The problem with the thesis I am describing is that it doesn’t quite capture how reluctant the White House will be to cooperate — even if the President wants to tack towards a new and constructive direction in America’s Middle East policy.
The tug-of-war between Congress and the White House needs to be viciously theatrical in order to prepare for the 2008 race, but the Dems should NOT want to be responsible for American foreign policy or the full legislative branch of government with control of the House and a razor thin majority in the Senate. The Dems need to force accountability for what has happened on to Bush, and at the same time they really need to put some better conceptualizations of foreign policy and national security policy on the table.
Dems haven’t nearly begun to do the latter, not in my view anyway — and I very much hope that progress is made on this front soon.
But Bush will not go quietly — and more importantly — the allies for a better direction in foreign policy who actually do exist in hidden corners of the Bush administration are dominated by Cheney’s followers throughout the national security bureaucracy.
I think that the Baker-Hamilton report, which will be issued in January 2007, will call for a new, expansive commitment to regional deal-making to solve many of the unresolved problems in the Middle East and to try and create a new equilibrium of interests in the region.

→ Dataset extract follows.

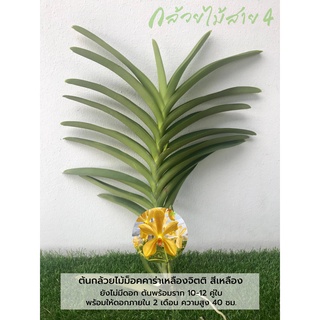 กล้วยไม้ม็อคคาร่าเหลืองจิตติ (Mokara Yellow Jitti Orchid Plant) ต้นยังไม่มีดอกพร้อมให้ดอกใน 2เดือน 10-12 คู่ใบ สูง 40ซม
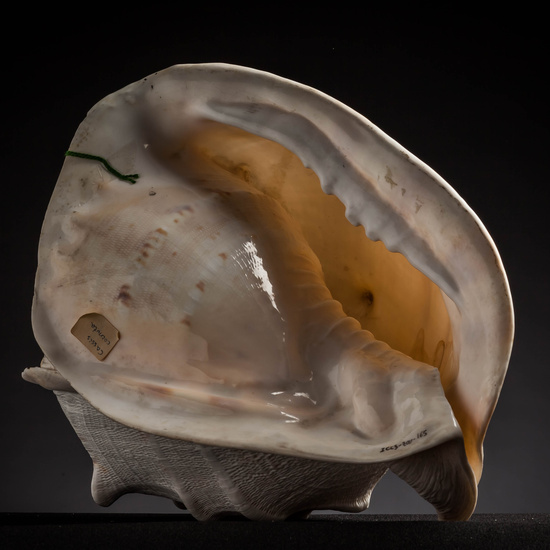 IES_CARDENALCISNEROS_CONCHAS_025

I think George Bush will find the report compelling — and I think he will order his team to try and “operationalize” as much of the Baker-Hamilton report as possible.
But it won’t happen. It will be undermined in the weeds, in the nuts and bolts details, consensus will be derailed, themes reversed after Cheney convinces Bush that parts of the report are politically naive and dangerous to American and Israeli interests. I think it will be slowly torn apart by a thousand cuts in the policy development and implementation process in the Executive Branch.
Cheney doesn’t need to tell his followers — embedded in every significant part of the nation’s national security bureaucracy — what to do. As Chalmers Johnson is fond of saying, “One doesn’t need to tell geisha what to do, they know what to do.” So do Cheney’s people.
Cheney’s acolytes will see a new equilibrium in the MIddle East as code for selling out Israel’s security interests because they do see these issues in zero sum terms, even if the President of the United States does not (by then).
Cheney’s people, if not neutralized, will derail any new opportunities or directions.
They need to be exposed as part of the broad Cheney network and pushed to the side. That is the only way to let some other policy possibilities to take root in the next two years of the Bush administration.
Dems and moderate Republicans can take credit as needed for these new changes in policy — but without neutralizing Cheney down to the roots of his power — policy and political anarchy lie ahead for the country.